Responsible wind development in the Gulf of Maine
SAFE’s program on protecting wildlife while developing offshore wind, New England’s greatest renewable resource, is now available on youtube.
On January 12, 2023, Amber Hewett, program director for offshore wind at the National Wildlife Federation, moderated a discussion with two wind advocates and conservation experts, Eliza Donoghue of Maine Audubon and Kelt Wilska of Maine Conservation Voters. Donoghue and Wilska would like to see offshore wind deployed in the Gulf of Maine, but they noted, because of the deep water, the technology is not available yet. In the not-too-distant future, however, we can expect to see floating turbines capable of producing immense power in deep ocean water.

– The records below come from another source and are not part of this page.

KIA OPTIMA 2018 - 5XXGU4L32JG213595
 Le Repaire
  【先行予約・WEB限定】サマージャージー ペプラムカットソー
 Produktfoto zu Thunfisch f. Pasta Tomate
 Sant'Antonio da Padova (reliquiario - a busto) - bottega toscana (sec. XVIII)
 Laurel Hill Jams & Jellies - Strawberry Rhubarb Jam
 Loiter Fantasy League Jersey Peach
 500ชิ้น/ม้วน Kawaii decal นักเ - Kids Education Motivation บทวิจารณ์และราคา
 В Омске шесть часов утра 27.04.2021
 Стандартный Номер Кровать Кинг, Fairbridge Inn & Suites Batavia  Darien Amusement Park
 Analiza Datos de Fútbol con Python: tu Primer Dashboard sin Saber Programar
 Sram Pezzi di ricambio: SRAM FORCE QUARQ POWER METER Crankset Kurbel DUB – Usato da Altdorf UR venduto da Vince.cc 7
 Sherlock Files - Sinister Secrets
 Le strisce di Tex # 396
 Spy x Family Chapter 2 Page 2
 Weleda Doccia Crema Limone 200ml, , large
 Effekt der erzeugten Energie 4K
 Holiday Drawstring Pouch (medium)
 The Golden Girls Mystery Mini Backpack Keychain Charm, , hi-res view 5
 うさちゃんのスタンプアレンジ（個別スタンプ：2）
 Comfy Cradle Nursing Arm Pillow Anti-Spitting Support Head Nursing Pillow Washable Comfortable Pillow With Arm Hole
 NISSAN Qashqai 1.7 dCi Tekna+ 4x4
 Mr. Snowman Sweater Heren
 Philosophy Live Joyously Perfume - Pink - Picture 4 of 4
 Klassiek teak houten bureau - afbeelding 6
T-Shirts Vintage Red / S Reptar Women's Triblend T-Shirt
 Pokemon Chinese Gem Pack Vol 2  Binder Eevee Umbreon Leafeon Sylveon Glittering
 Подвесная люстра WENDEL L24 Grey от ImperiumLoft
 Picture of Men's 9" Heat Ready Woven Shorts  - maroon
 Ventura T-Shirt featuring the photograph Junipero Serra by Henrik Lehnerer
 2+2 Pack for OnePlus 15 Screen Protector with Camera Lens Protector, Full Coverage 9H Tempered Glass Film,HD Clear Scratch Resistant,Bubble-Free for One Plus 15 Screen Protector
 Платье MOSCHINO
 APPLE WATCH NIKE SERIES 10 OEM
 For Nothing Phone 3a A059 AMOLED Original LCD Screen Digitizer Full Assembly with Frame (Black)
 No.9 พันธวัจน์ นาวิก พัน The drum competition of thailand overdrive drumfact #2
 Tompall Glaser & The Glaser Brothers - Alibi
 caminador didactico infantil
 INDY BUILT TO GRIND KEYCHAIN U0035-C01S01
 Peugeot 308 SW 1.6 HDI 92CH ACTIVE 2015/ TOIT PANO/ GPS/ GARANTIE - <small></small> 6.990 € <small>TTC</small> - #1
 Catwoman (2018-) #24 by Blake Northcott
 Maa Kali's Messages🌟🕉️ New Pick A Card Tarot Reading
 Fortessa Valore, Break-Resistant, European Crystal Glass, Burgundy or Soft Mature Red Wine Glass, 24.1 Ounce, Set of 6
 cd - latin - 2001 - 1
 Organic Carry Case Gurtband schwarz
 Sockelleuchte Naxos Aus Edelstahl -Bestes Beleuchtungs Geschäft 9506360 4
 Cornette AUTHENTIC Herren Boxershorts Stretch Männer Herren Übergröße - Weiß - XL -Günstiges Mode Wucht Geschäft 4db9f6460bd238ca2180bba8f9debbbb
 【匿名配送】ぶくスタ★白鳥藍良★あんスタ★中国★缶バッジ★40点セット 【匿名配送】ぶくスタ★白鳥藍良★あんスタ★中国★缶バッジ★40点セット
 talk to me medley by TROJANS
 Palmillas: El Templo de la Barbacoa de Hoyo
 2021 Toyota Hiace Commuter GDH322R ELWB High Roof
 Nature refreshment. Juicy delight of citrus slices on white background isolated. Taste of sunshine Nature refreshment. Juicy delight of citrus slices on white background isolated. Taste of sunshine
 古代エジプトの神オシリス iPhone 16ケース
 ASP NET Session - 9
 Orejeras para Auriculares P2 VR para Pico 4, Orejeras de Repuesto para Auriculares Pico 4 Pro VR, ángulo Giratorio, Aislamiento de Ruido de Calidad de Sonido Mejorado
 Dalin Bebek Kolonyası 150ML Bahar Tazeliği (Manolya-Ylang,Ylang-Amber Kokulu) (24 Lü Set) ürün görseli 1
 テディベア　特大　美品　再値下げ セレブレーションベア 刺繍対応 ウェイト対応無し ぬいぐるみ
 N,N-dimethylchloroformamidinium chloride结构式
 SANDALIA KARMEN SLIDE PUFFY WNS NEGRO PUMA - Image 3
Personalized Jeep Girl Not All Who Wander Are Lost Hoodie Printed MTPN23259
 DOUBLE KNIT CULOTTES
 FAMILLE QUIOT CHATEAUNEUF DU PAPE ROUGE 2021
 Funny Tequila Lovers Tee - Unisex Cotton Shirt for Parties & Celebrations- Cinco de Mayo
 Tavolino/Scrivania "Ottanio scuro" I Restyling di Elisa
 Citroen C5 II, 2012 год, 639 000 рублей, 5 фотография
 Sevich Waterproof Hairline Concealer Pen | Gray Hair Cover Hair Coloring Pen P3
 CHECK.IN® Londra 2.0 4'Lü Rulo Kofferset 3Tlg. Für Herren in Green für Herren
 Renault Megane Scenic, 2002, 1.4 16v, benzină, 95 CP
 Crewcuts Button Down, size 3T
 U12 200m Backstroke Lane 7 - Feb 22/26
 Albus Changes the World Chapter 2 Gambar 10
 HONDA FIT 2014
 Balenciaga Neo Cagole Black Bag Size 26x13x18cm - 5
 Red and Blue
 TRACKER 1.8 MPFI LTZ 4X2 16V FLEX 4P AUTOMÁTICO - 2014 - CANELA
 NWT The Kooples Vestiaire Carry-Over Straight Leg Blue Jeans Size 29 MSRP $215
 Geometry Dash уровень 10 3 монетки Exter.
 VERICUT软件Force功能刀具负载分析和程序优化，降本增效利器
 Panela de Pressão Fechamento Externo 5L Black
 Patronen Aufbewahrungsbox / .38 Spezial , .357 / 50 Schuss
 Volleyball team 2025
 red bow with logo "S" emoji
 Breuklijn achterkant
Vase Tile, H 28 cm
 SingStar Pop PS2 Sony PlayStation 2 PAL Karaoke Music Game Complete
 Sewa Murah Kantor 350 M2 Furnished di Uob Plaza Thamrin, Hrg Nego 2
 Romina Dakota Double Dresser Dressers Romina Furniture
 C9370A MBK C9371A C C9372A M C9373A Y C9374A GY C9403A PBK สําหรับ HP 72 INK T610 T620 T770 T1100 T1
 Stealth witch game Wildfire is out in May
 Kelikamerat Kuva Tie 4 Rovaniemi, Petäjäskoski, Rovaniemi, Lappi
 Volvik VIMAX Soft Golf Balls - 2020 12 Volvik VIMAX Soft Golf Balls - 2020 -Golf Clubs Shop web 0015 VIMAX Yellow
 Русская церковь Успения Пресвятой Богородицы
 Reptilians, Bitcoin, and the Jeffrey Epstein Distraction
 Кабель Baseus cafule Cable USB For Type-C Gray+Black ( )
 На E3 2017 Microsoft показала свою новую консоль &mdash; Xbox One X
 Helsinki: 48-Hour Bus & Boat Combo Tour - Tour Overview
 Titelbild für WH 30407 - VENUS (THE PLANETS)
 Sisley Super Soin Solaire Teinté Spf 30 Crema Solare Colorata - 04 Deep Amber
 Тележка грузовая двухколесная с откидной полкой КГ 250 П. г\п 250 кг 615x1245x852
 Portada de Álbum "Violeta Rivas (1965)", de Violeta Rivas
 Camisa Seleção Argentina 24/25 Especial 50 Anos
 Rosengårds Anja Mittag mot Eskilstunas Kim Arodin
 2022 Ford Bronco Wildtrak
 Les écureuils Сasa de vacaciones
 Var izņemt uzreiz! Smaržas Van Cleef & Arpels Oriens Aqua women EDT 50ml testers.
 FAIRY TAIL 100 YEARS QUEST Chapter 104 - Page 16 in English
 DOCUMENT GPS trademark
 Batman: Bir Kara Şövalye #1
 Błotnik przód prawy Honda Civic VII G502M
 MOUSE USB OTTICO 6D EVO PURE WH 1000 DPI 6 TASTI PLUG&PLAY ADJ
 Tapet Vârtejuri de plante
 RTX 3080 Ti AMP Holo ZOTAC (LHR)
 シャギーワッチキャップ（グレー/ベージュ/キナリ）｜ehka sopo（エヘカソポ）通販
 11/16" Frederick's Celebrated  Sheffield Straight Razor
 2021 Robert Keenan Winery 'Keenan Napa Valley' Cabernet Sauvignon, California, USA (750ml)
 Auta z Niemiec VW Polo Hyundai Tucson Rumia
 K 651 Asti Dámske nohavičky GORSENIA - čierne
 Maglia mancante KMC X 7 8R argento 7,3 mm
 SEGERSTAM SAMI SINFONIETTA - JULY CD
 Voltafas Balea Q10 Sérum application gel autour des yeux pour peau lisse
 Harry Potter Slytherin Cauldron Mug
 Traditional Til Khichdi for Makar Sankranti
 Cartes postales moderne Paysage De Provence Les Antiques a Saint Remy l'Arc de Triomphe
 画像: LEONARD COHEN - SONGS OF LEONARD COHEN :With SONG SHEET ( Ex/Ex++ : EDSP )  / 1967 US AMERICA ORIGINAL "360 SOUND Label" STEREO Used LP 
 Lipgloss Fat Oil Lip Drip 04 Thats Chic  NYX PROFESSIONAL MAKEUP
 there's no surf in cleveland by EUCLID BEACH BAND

In the not-too-distant future, however, we can expect to see floating turbines capable of producing immense power in deep ocean water.
These turbines, which will be in federal waters, are not likely to disturb migrating birds, said Donoghue, because they will be far offshore. But she is concerned about the impact on nesting seabirds, which dot the islands off the coast. Wilska’s organization is working to ensure the new offshore wind industry can coexist with Maine’s lobster and fishing industries and with large mammals such as the endangered North Atlantic right whale. Both speakers insisted “more research is needed” to ensure that future offshore wind developments adequately protect birds and marine species.